DDC chairpersons protest against govt. fixed honorarium, protocol

March 10, 2021 03:03 am | Updated July 15, 2021 09:53 am IST - Srinagar

District Development Council (DDC) chairpersons were up in arms on Tuesday against the government approved salary slab and the protocol order of precedence.

The administration, in an amended warrant of precedence on Monday, placed the DDC chairpersons equal to administrative secretaries at serial No. 26. The deputy chairpersons have been placed at number 27, with protocol equivalent to vice-chancellors of universities within the Union Territory (UT). The DDC members have been granted protocol equivalent to the block development council chairpersons or presidents of municipal councils and they figure at serial number 28.

“The government earlier was for granting the Minister of State (MoS) or MLA status to DDC chairpersons in J&K. Now, it seems our status has been downgraded at the behest of people in bureaucracy,” Habibullah Rather, a DDC member from Kulgam, said.

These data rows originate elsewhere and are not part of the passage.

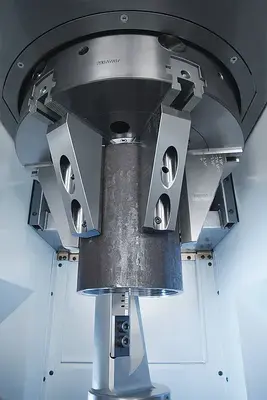 NEW EMAG VSC400/ VSC400 DUO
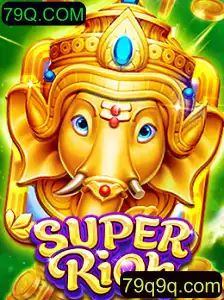 Descubra o Fascinante Mundo de SuperRich: Um Jogo Revolucionário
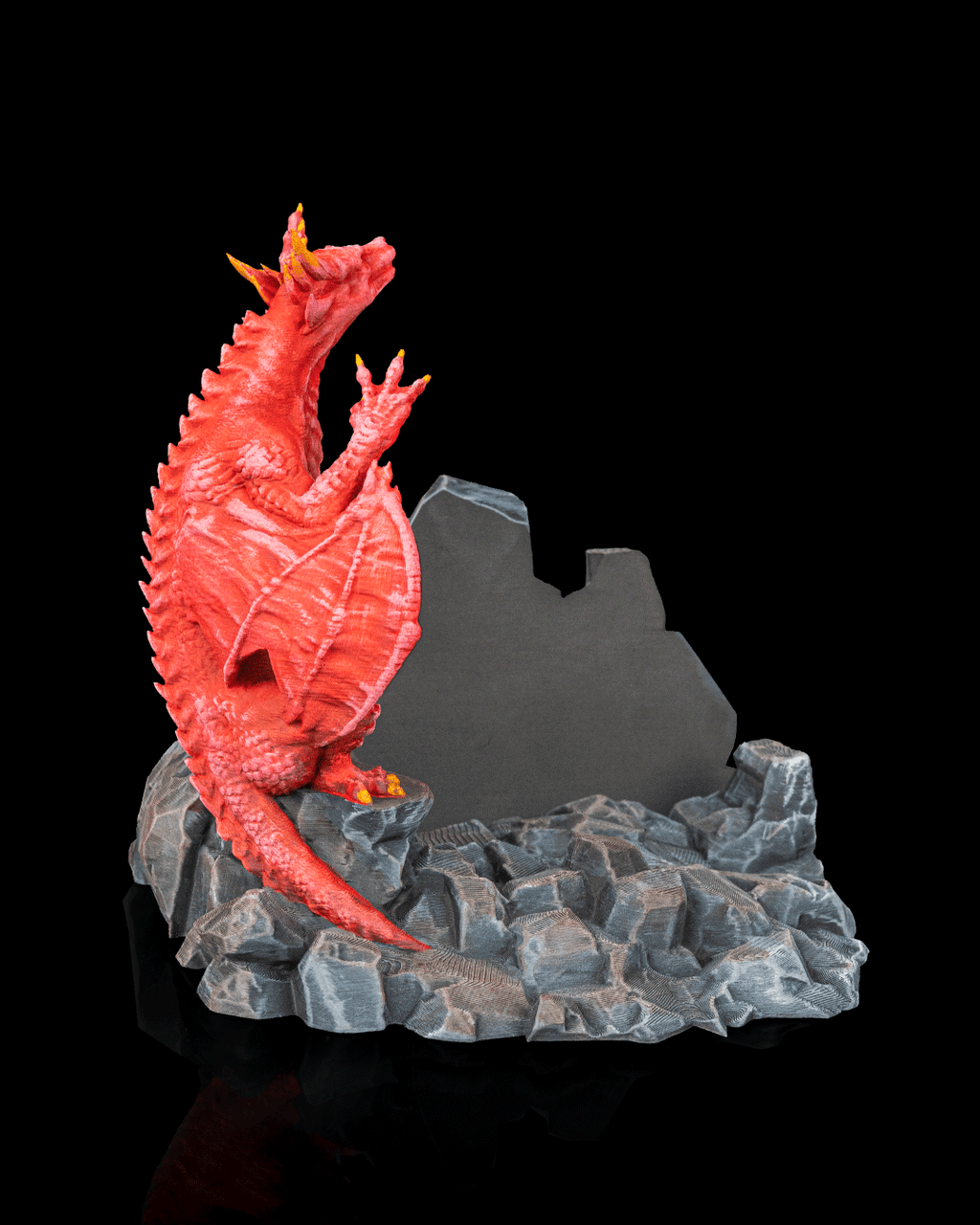 Dragonling - Book Stand - view 9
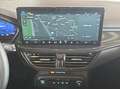 Ford Focus Turnier 1.0 EcoBoost Hybrid Aut. ST-LINE X Blau - thumbnail 11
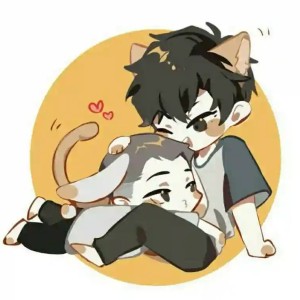 游风的个人空间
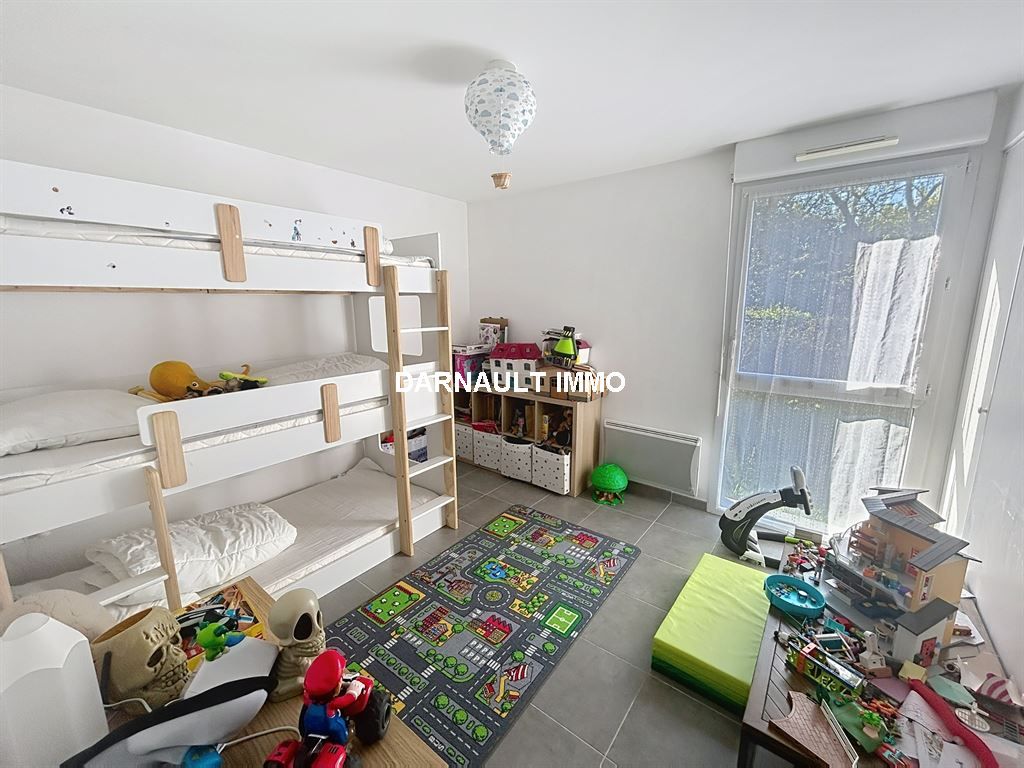 appartement 3 pièces en vente sur BALMA (31130)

Scores of DDC members assembled in Jammu and sought the intervention of the Lieutenant Governor (L-G). The DDC members from all the political parties, including the BJP, participated in the protest held outside the Jammu Convention Centre.a

Many members threatened to resign if the demands were not fulfilled. “We have been elected by an entire district and represent a constituency. The honorarium approved for us is an insult,” said a DDC chairperson.

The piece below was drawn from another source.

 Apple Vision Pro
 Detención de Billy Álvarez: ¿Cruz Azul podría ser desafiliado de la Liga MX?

Sajad Lone, head of the Peoples Conference (PC), termed the DDC protocols a “disappointment and humiliation”. “The problem is the new stakeholder created by the Union government post August 5, which is the bureaucrats, ever powerful. He or she will never facilitate democracy and will see anybody elected by people as a threat,” Mr. Lone said.

Safeena Baigh, a chairperson from Baramulla, said there was a need to empower the DDC as an institution.

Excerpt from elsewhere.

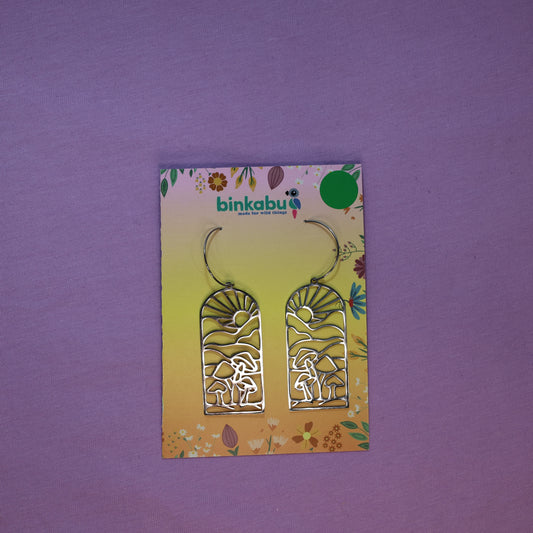 Seconds Sale Earrings - Limited - EOFYS 2026
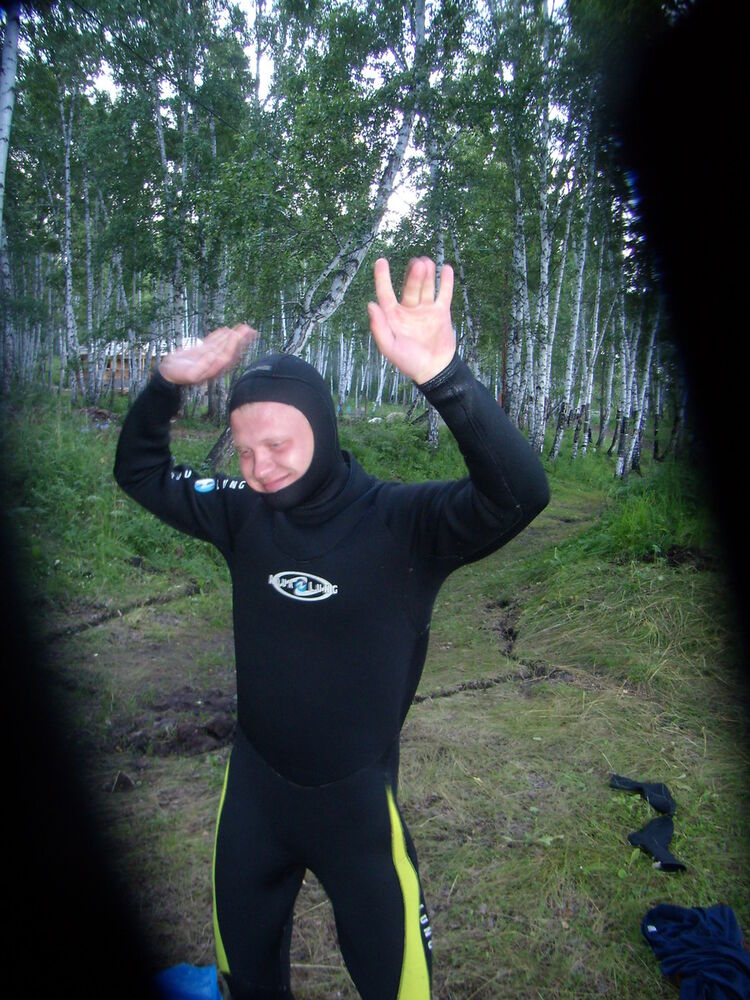 ���� 4504989 ������� Anton, 41 ���, ���� ���������� � ����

“The democratic system will only get strengthened if these institution are strengthened. The development agenda will be implemented through these public representatives and the need is to empower them administratively. Otherwise, it will be a failure of the people’s mandate,” Ms. Baigh said.

J&K saw the first ever DDC polls in December last year and was underlined as one of the major achievements by the Centre after the special constitutional status of J&K ended on August 5, 2019.